++++ Raw data
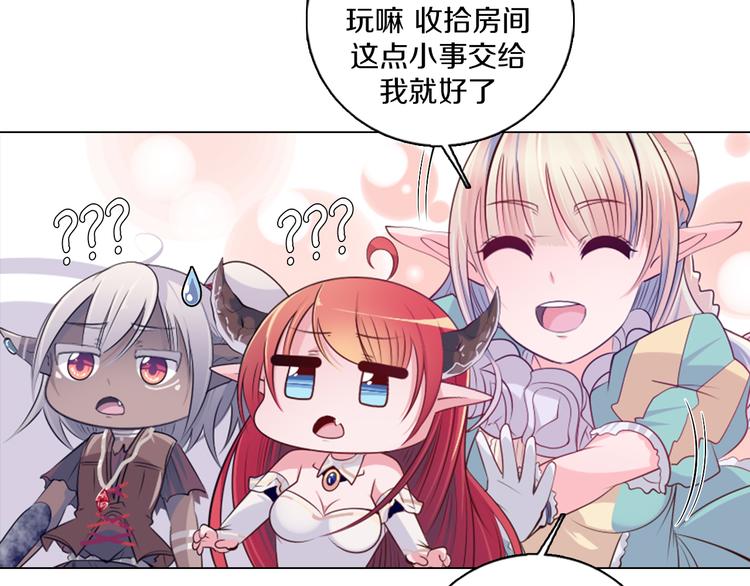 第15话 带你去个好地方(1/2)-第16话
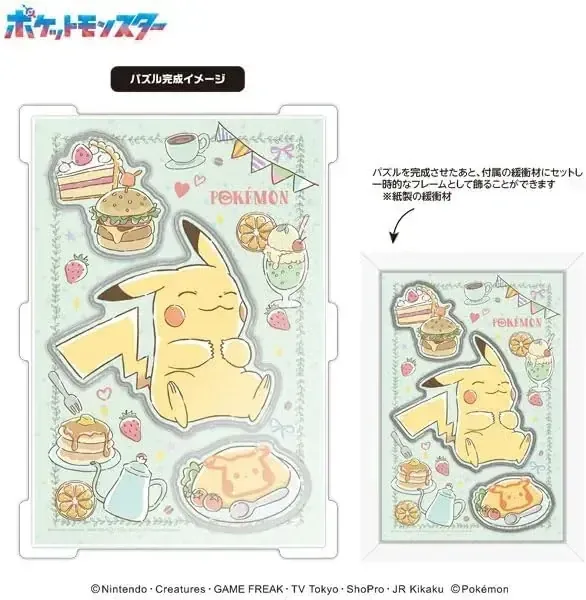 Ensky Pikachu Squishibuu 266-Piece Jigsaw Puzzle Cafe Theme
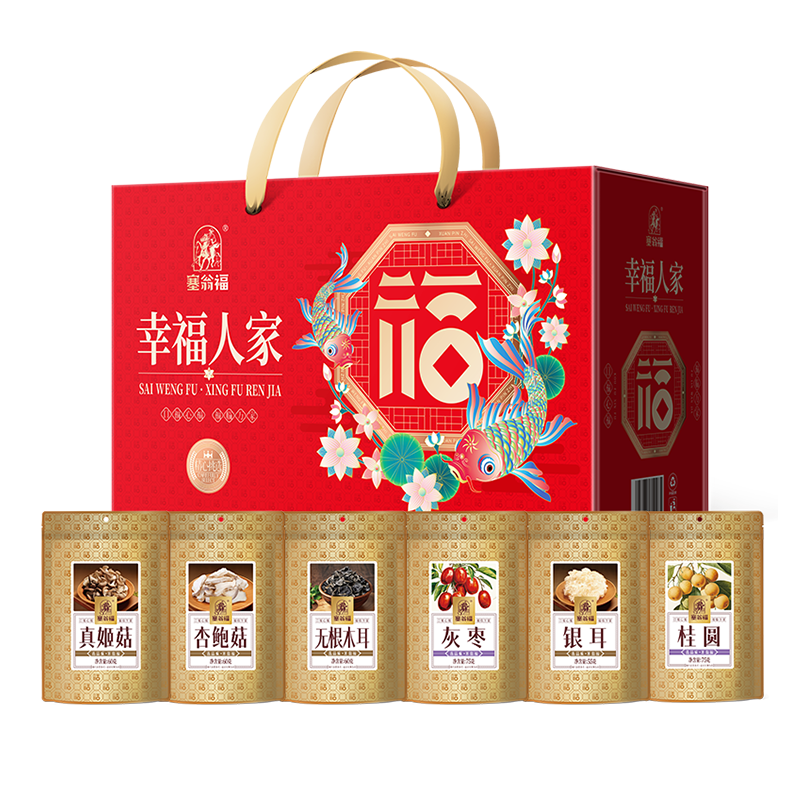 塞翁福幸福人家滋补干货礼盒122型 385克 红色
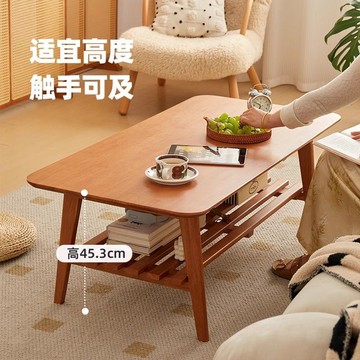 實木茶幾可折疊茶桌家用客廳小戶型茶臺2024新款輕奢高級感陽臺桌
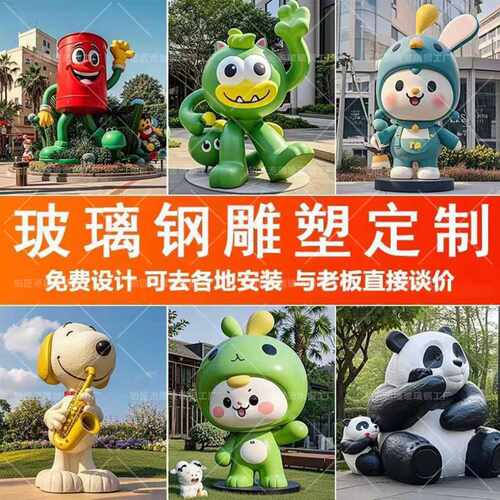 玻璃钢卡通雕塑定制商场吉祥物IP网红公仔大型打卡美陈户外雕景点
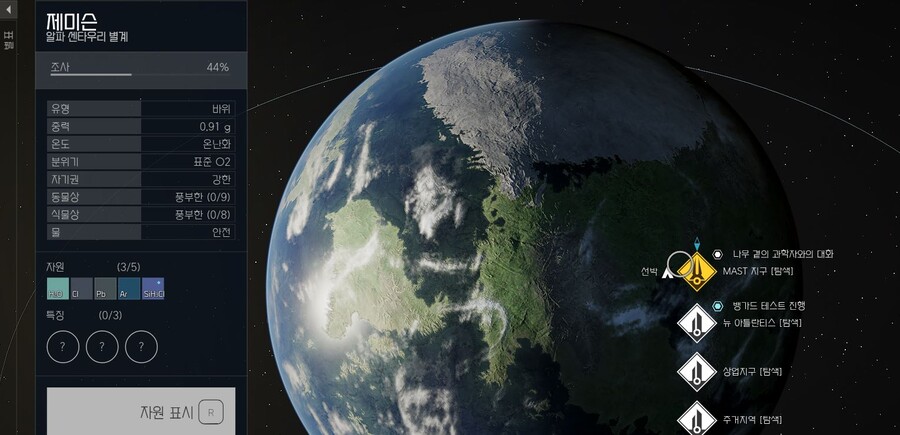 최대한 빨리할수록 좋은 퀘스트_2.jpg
++++++++
Problem statement :: Only an exact copy belongs in the answer: the lines from the one containing "玻璃钢卡通雕塑定制商场吉祥物IP网红公仔大型打卡美陈户外雕景点" through the end of the records, both ends included, minus the pictures.

Written response ::
 玻璃钢卡通雕塑定制商场吉祥物IP网红公仔大型打卡美陈户外雕景点
 최대한 빨리할수록 좋은 퀘스트_2.jpg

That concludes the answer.